## WHAT TO WORK ON
Take every record and write it out again exactly, with no images included.
------------------------------------
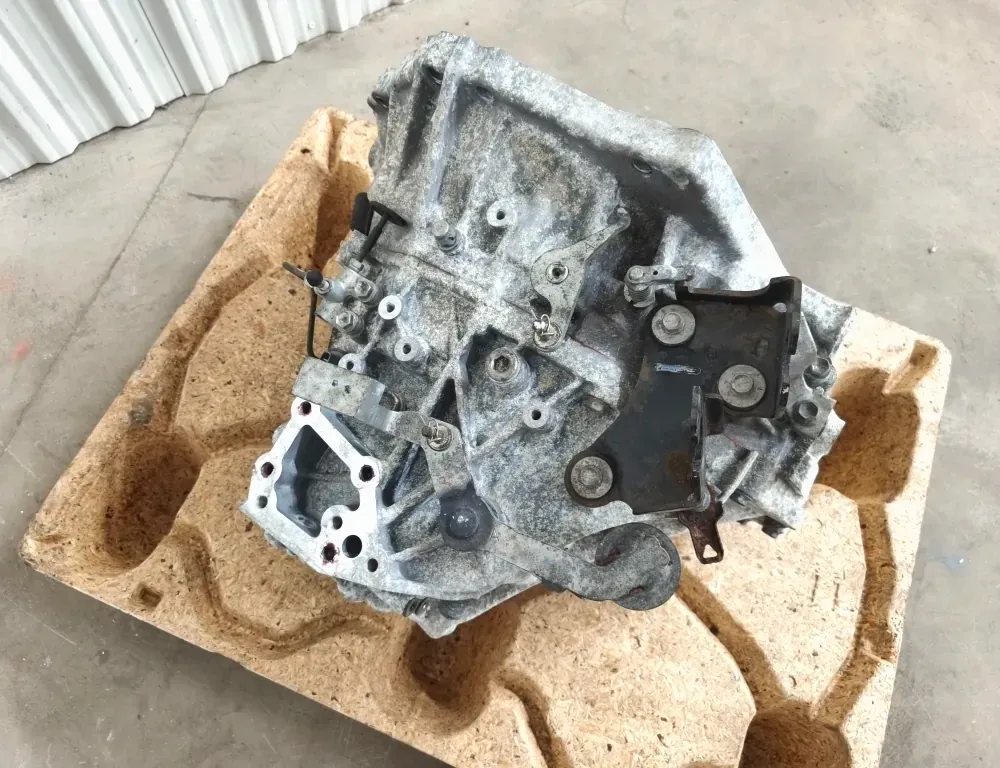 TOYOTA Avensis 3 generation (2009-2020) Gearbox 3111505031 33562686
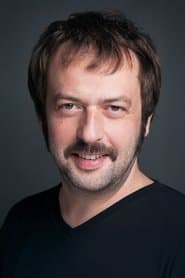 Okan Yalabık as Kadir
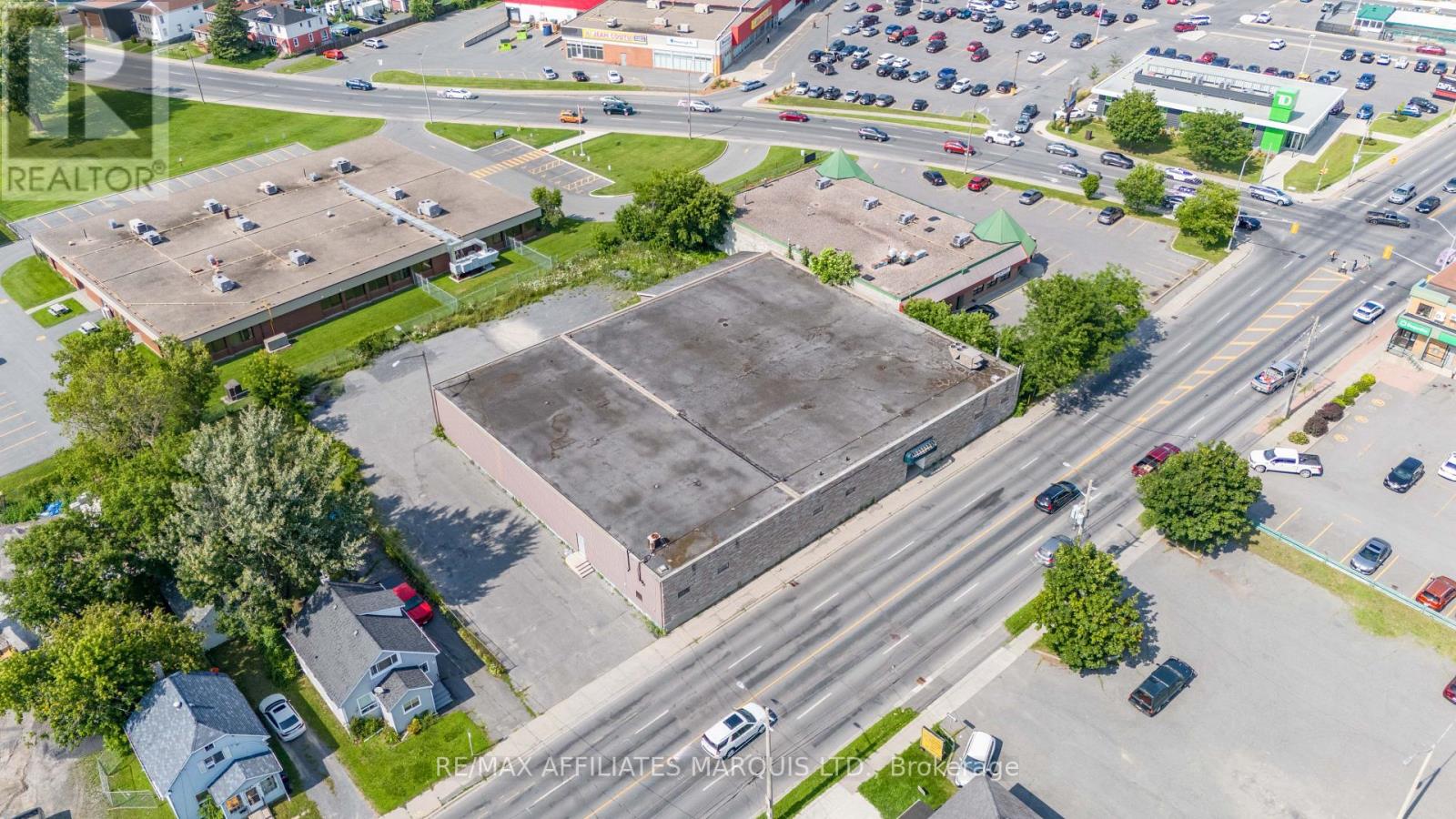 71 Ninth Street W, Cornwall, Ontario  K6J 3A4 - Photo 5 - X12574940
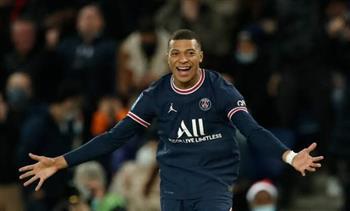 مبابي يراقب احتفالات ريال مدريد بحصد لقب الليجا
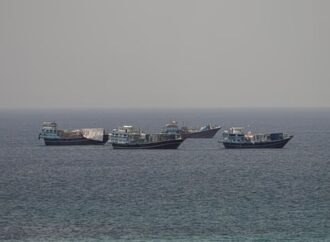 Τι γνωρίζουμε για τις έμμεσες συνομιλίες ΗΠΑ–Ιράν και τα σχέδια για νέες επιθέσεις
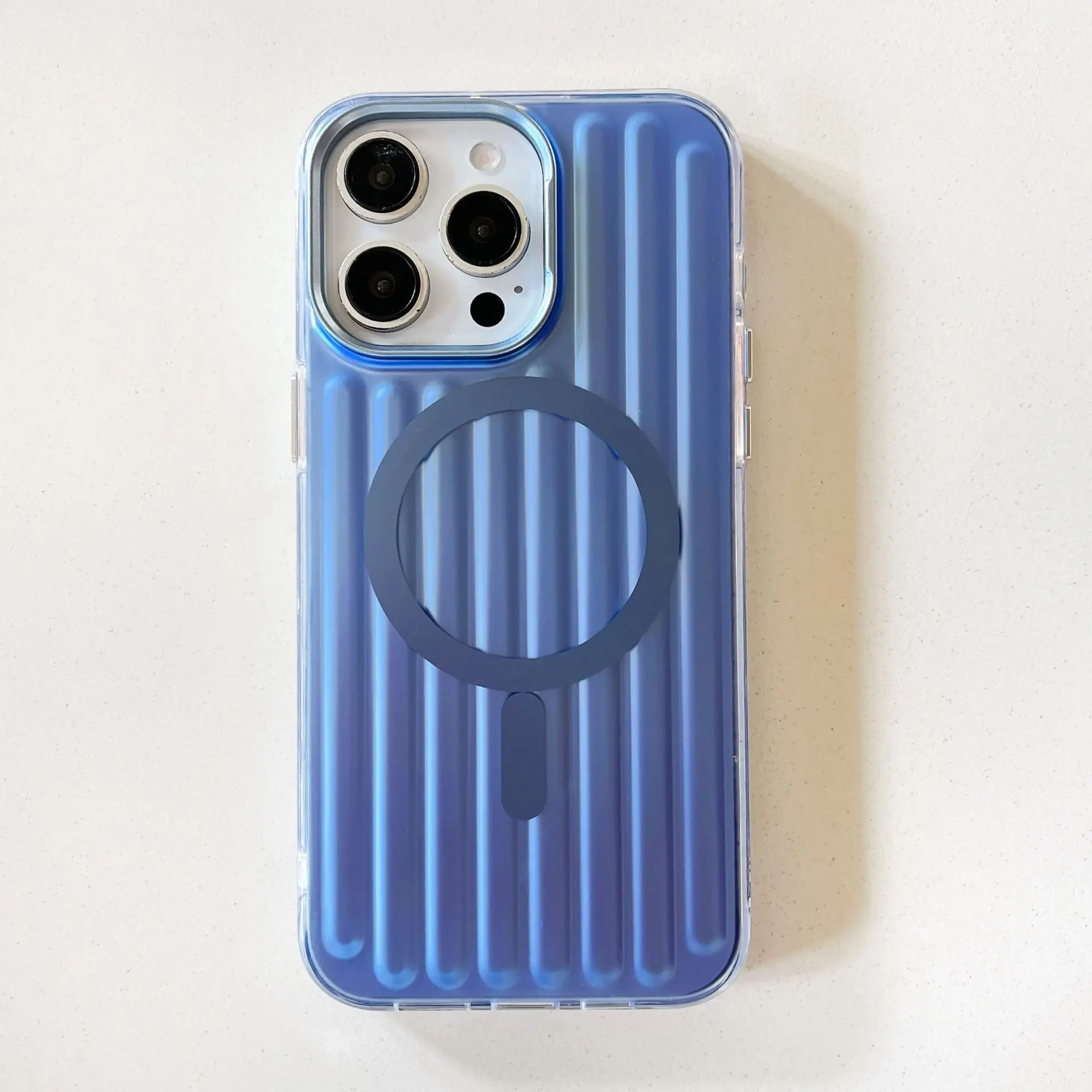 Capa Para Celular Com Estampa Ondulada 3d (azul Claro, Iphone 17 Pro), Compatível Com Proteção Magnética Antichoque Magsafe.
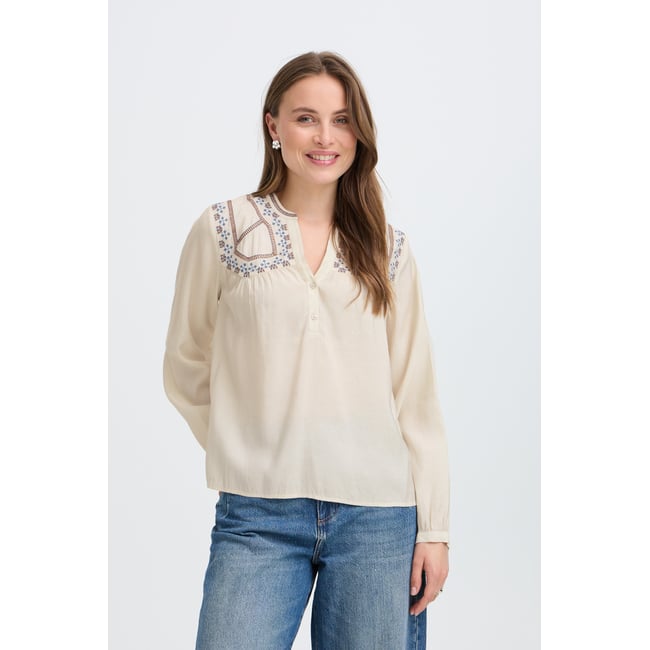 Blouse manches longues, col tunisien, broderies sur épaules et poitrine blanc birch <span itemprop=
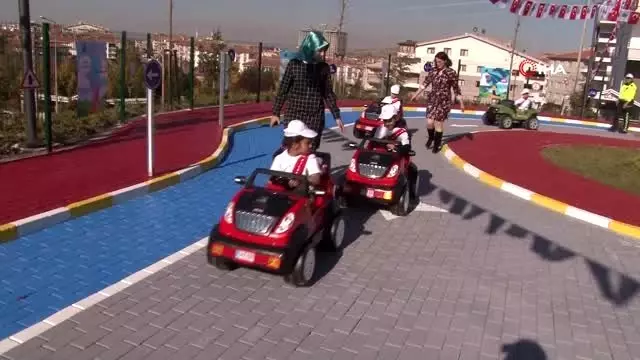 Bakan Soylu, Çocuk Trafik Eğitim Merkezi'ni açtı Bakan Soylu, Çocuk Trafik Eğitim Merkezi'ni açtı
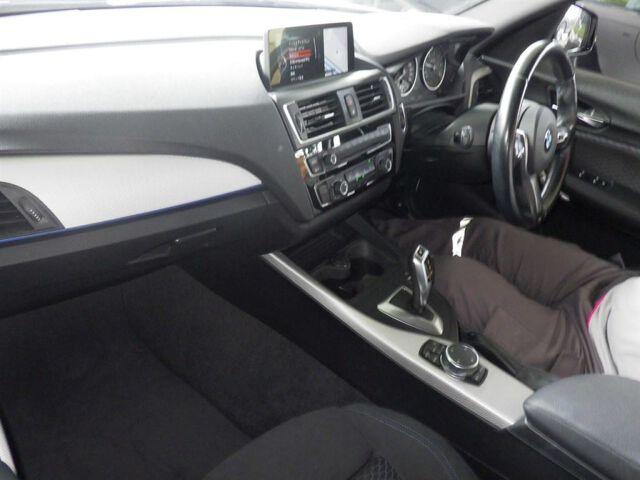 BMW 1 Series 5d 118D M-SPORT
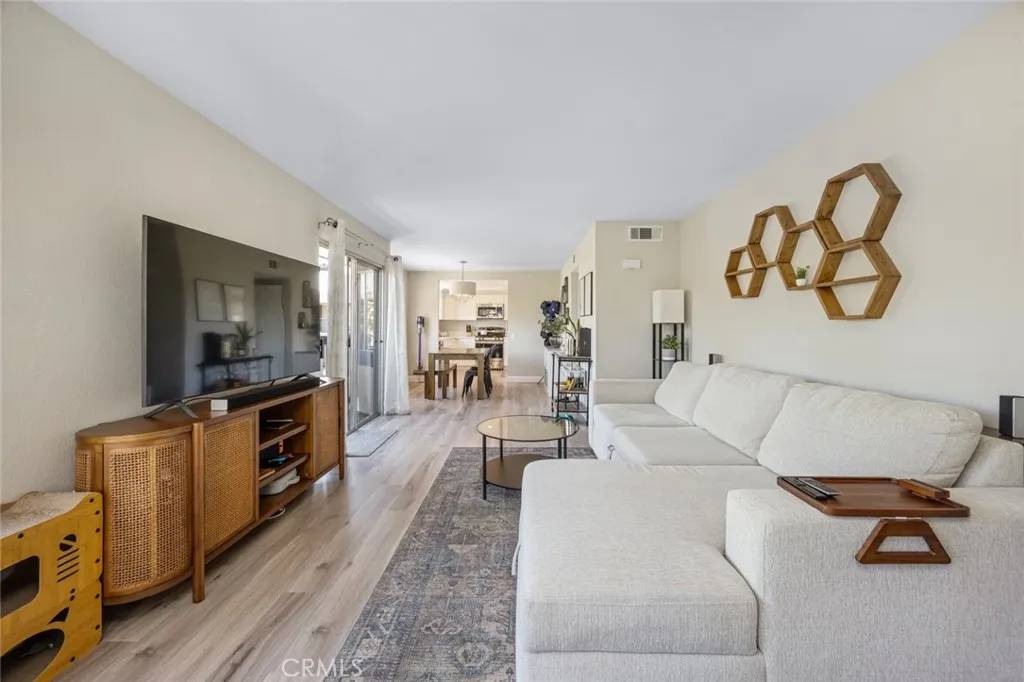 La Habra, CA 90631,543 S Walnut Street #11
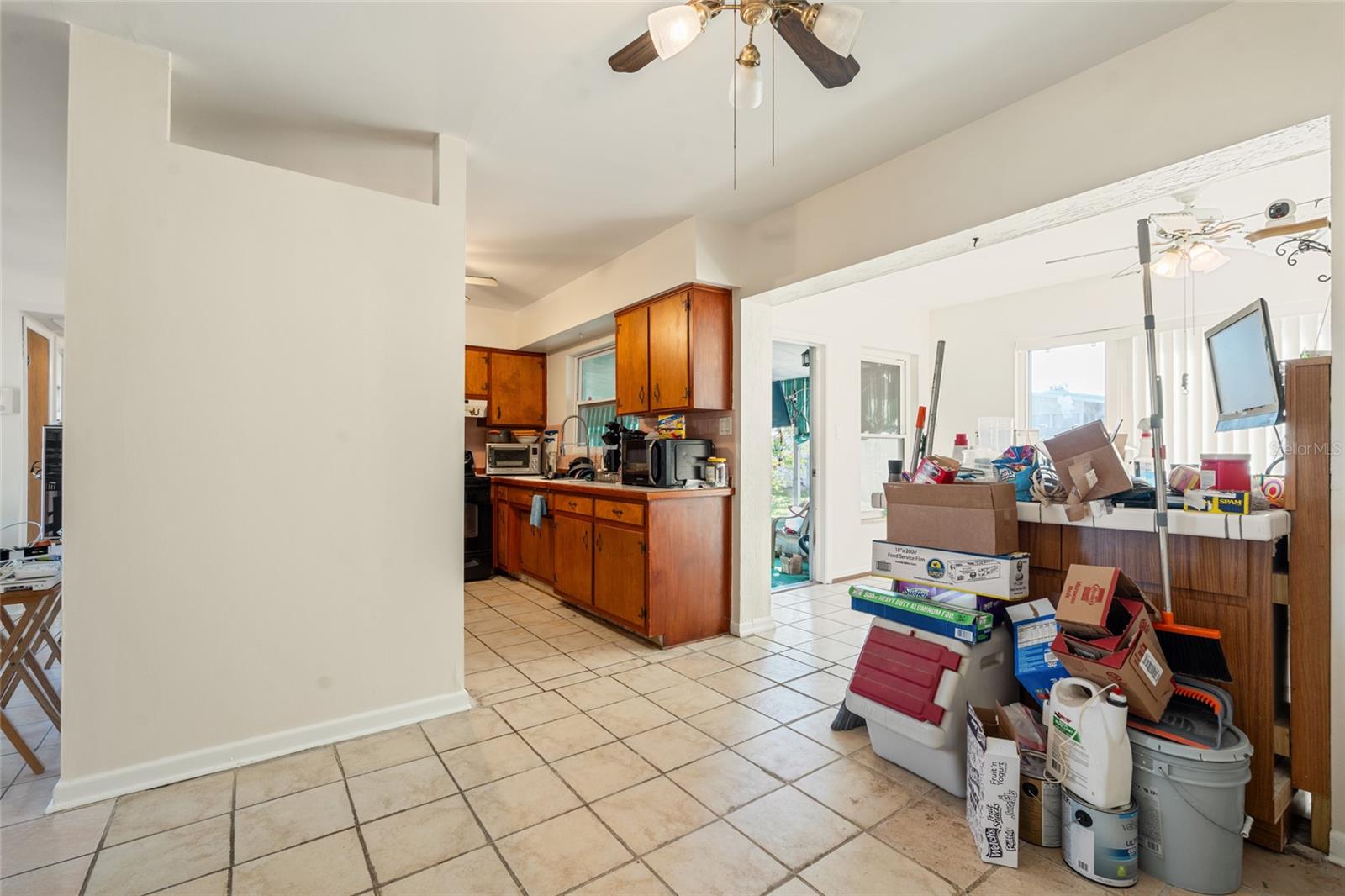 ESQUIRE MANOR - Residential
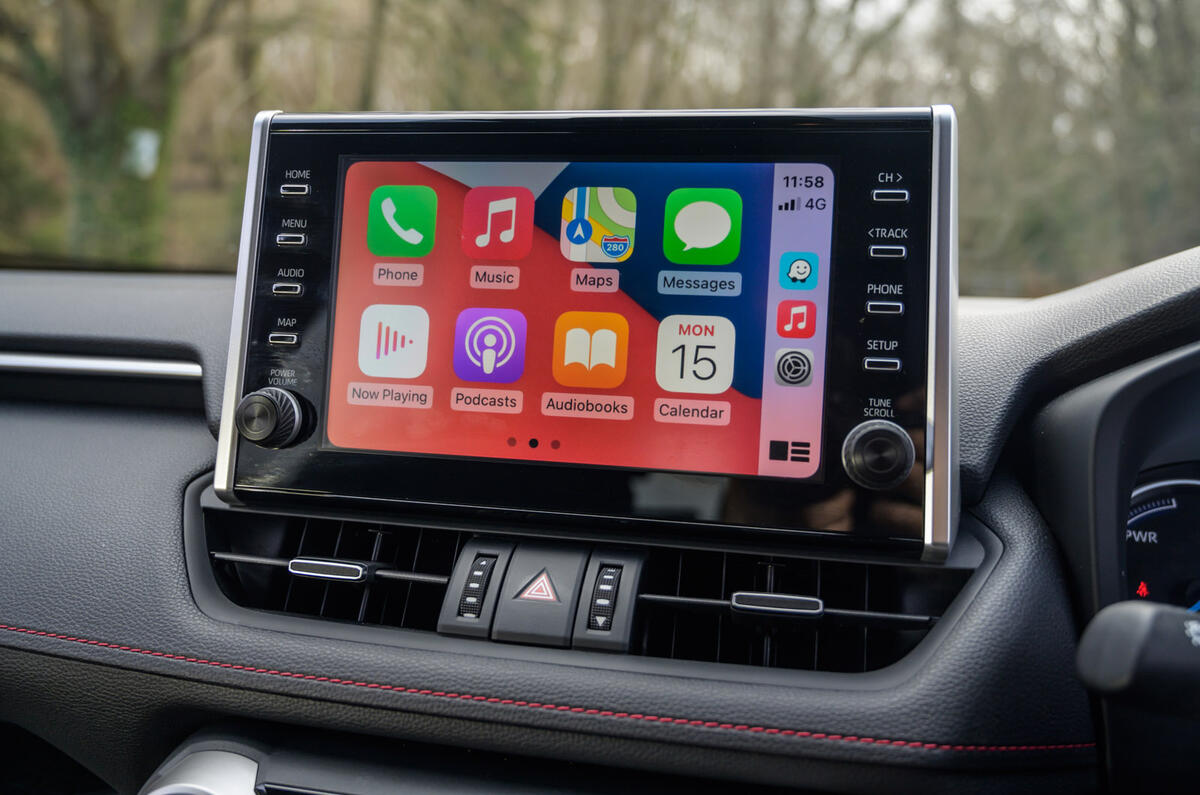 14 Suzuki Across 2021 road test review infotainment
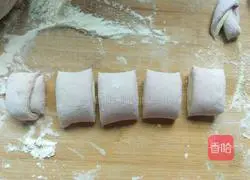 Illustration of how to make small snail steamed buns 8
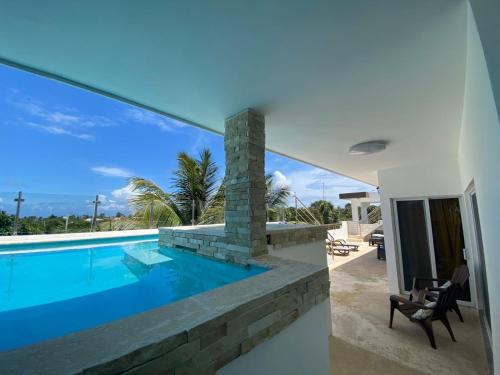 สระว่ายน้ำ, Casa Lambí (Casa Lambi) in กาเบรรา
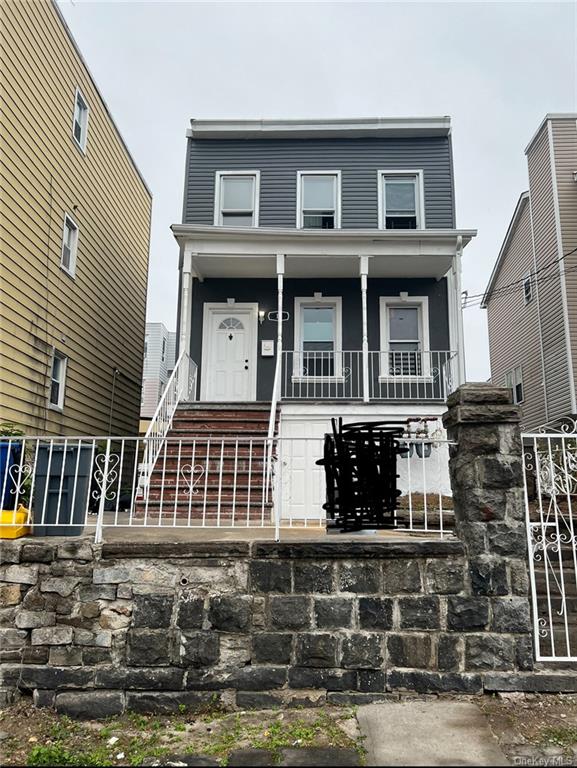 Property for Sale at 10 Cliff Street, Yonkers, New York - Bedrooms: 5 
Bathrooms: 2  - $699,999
------------------------------------
## WRITTEN SOLUTION
 TOYOTA Avensis 3 generation (2009-2020) Gearbox 3111505031 33562686
 Okan Yalabık as Kadir
 71 Ninth Street W, Cornwall, Ontario  K6J 3A4 - Photo 5 - X12574940
 مبابي يراقب احتفالات ريال مدريد بحصد لقب الليجا
 Τι γνωρίζουμε για τις έμμεσες συνομιλίες ΗΠΑ–Ιράν και τα σχέδια για νέες επιθέσεις
 Capa Para Celular Com Estampa Ondulada 3d (azul Claro, Iphone 17 Pro), Compatível Com Proteção Magnética Antichoque Magsafe.
 Blouse manches longues, col tunisien, broderies sur épaules et poitrine blanc birch <span itemprop=
 Bakan Soylu, Çocuk Trafik Eğitim Merkezi'ni açtı Bakan Soylu, Çocuk Trafik Eğitim Merkezi'ni açtı
 BMW 1 Series 5d 118D M-SPORT
 La Habra, CA 90631,543 S Walnut Street #11
 ESQUIRE MANOR - Residential
 14 Suzuki Across 2021 road test review infotainment
 Illustration of how to make small snail steamed buns 8
 สระว่ายน้ำ, Casa Lambí (Casa Lambi) in กาเบรรา
 Property for Sale at 10 Cliff Street, Yonkers, New York - Bedrooms: 5 
Bathrooms: 2  - $699,999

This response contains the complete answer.